Start of TASK INPUT
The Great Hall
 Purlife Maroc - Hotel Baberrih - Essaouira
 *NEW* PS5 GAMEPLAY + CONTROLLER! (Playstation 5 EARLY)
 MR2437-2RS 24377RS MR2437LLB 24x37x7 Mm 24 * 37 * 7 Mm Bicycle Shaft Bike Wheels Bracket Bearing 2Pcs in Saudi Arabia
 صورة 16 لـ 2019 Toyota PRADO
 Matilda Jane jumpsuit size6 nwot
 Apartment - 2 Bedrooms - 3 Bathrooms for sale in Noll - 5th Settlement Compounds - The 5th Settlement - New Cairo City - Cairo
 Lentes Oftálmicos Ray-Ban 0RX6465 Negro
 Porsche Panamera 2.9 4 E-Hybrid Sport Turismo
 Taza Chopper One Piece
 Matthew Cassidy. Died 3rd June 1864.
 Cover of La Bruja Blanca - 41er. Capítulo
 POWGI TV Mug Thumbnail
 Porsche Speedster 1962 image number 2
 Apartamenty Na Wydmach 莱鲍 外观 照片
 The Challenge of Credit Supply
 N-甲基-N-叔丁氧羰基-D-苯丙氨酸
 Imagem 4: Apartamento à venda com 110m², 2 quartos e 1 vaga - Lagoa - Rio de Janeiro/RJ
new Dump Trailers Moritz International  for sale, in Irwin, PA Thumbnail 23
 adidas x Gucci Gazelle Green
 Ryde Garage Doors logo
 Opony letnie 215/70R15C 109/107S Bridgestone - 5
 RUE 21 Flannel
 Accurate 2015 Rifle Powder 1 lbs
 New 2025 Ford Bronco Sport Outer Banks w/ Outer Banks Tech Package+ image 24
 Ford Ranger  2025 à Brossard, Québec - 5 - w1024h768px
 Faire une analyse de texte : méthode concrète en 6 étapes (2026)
End of TASK INPUT
→ TASK ITEM: Each line in the records above must be returned exactly as it stands.

→ REPLY TO THE EXERCISE:
The Great Hall
 Purlife Maroc - Hotel Baberrih - Essaouira
 *NEW* PS5 GAMEPLAY + CONTROLLER! (Playstation 5 EARLY)
 MR2437-2RS 24377RS MR2437LLB 24x37x7 Mm 24 * 37 * 7 Mm Bicycle Shaft Bike Wheels Bracket Bearing 2Pcs in Saudi Arabia
 صورة 16 لـ 2019 Toyota PRADO
 Matilda Jane jumpsuit size6 nwot
 Apartment - 2 Bedrooms - 3 Bathrooms for sale in Noll - 5th Settlement Compounds - The 5th Settlement - New Cairo City - Cairo
 Lentes Oftálmicos Ray-Ban 0RX6465 Negro
 Porsche Panamera 2.9 4 E-Hybrid Sport Turismo
 Taza Chopper One Piece
 Matthew Cassidy. Died 3rd June 1864.
 Cover of La Bruja Blanca - 41er. Capítulo
 POWGI TV Mug Thumbnail
 Porsche Speedster 1962 image number 2
 Apartamenty Na Wydmach 莱鲍 外观 照片
 The Challenge of Credit Supply
 N-甲基-N-叔丁氧羰基-D-苯丙氨酸
 Imagem 4: Apartamento à venda com 110m², 2 quartos e 1 vaga - Lagoa - Rio de Janeiro/RJ
new Dump Trailers Moritz International  for sale, in Irwin, PA Thumbnail 23
 adidas x Gucci Gazelle Green
 Ryde Garage Doors logo
 Opony letnie 215/70R15C 109/107S Bridgestone - 5
 RUE 21 Flannel
 Accurate 2015 Rifle Powder 1 lbs
 New 2025 Ford Bronco Sport Outer Banks w/ Outer Banks Tech Package+ image 24
 Ford Ranger  2025 à Brossard, Québec - 5 - w1024h768px
 Faire une analyse de texte : méthode concrète en 6 étapes (2026)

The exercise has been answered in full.